Descoberta de Luzia pode repercutir na "devolução" de peças arqueológicas
especial para a Folha

A descoberta de que no Brasil havia uma população que não parece ser ancestral dos índios modernos tem um impacto não só científico, mas também político. Ela afeta uma polêmica nos Estados Unidos sobre a repatriação de restos humanos achados em terras indígenas. Pesquisadores americanos temem que essa política de devolver fósseis aos índios poderá comprometer todo o estudo da ocupação humana do continente.

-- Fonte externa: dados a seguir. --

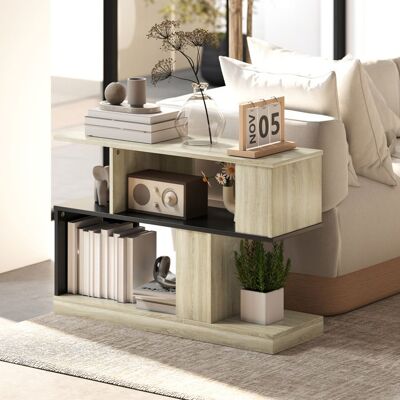 Generic Table dappoint en forme S bout de canapé à 3 niveaux étagères de rangement 90 x 30 x 61 cm effet bois naturel noir Noir - Publicité Generic Table dappoint en forme S bout de canapé à 3 niveaux étagères de rangement 90 x 30 x 61 cm effet bois naturel noir Noir - Publicité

Comentando o caso mais rumoroso, do chamado "Homem de Kennewick", o antropólogo físico Douglas W. Owsley, da Smithsonian Institution, chegou a dizer em uma palestra em fevereiro, durante a 150ª reunião da AAAS (Associação Americana para o Avanço da Ciência), que o "fundamentalismo religioso" dos índios está ameaçando a pesquisa.
Ironicamente, a intransigência indígena tem origem em uma legislação "politicamente correta" de 1990, conhecida como Nagpra, sigla de Lei de Repatriação e Proteção de Tumbas de Nativos Americanos, que torna obrigatória a devolução de esqueletos e artefatos ligados a ritos funerários para as tribos que os reivindicarem.

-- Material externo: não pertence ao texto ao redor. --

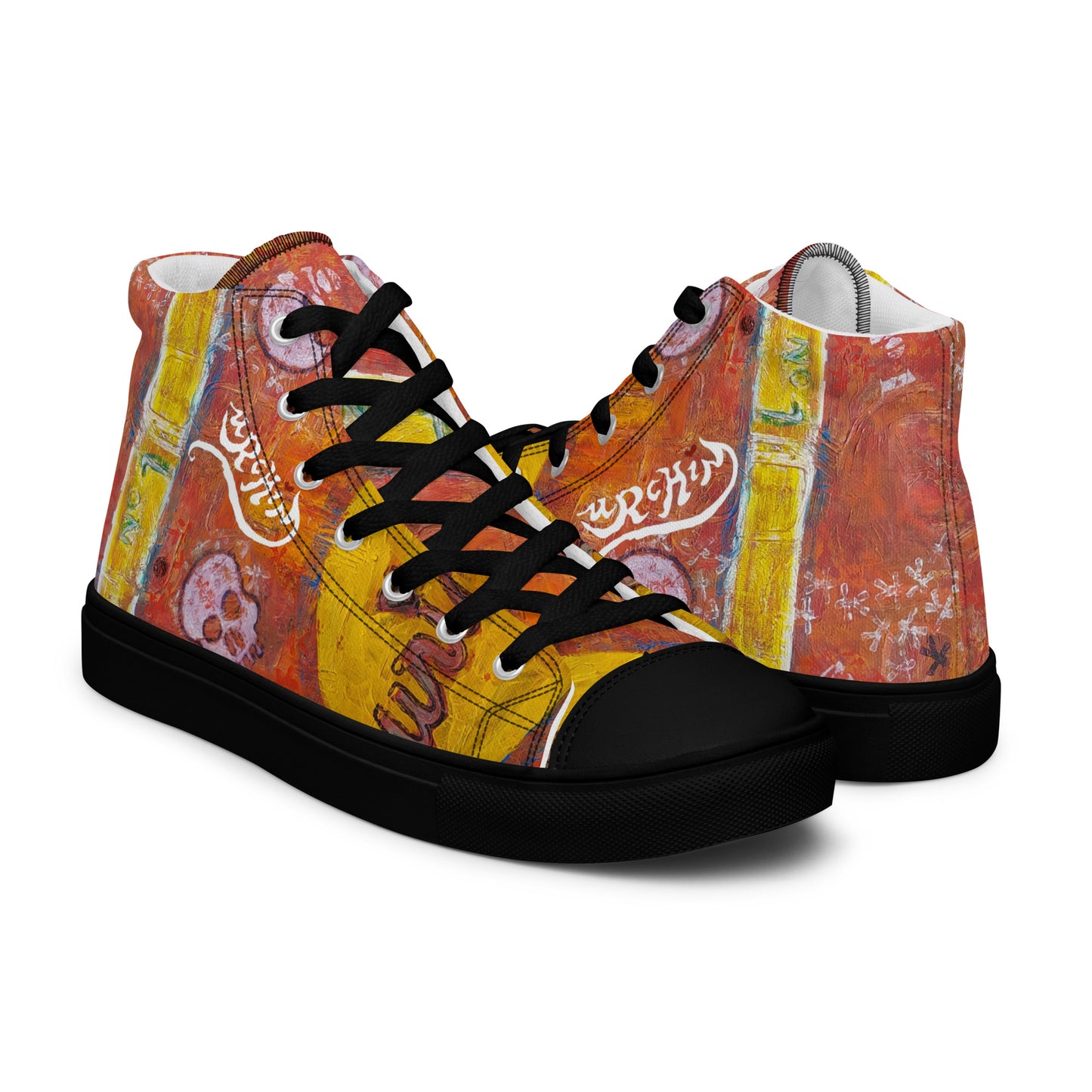 URCHIN Footwear 'NO 1 UNIQUE'. Mens high tops. Black or White Detailing Option. Choice of Sizes.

"O argumento mais forte por trás das alegações para esse tipo de repatriação se baseia na noção geralmente aceita de que há uma relação biológica e cultural de ancestral-descendente entre os nativos americanos vivos e o material esquelético achado em escavações arqueológicas na América do Norte. Como se pode ver, nossos resultados questionam seriamente essa suposição", escreveram Walter Neves e colegas no trabalho apresentado neste fim de semana em Salt Lake City.
Mesmo o "Homem de Kennewick" poderia servir de argumento contra as pretensões dos índios. Estudos preliminares indicam que o seu crânio parece mais com o de um europeu do que com o de um índio. Não quer dizer que "brancos" como os europeus, que depois "descobriram" o continente, tenham estado nas Américas antes de índios, mas sim que uma população ancestral tinha traços mais caucasóides do que mongolóides.
O "Homem de Kennewick" tem 8.400 anos e se tornou objeto de uma batalha judicial. Ele foi descoberto perto da cidade com esse nome, no Estado de Washington, ao longo do rio Columbia.
O antropólogo James Chatters foi chamado para estudar o esqueleto. Seu crânio alongado, entre outras características, e um fragmento de flecha enterrado na pélvis, deram a impressão inicial de que se tratava de um pioneiro atacado por índios no século passado. Mas a análise da flecha indicou semelhanças com outras de 9.000 a 4.500 anos atrás. E uma amostra do osso datada em laboratório indicou 8.400 anos de idade.
Outros cientistas notaram que o esqueleto não se assemelhava com o de nenhuma tribo da área.
Mas isso não impediu que o Exército dos EUA -que detem a jurisdição do local onde o esqueleto foi achado- decidisse, baseado nessa idade, devolver o esqueleto aos índios das tribos Umatilla.
Um líder religioso Umatilla, Armand Minthorn, afirmou que, devido a essa idade, o esqueleto só poderia ser deles, "pois, por nossa história oral, sabemos que nosso povo tem sido parte dessa terra desde o começo dos tempos".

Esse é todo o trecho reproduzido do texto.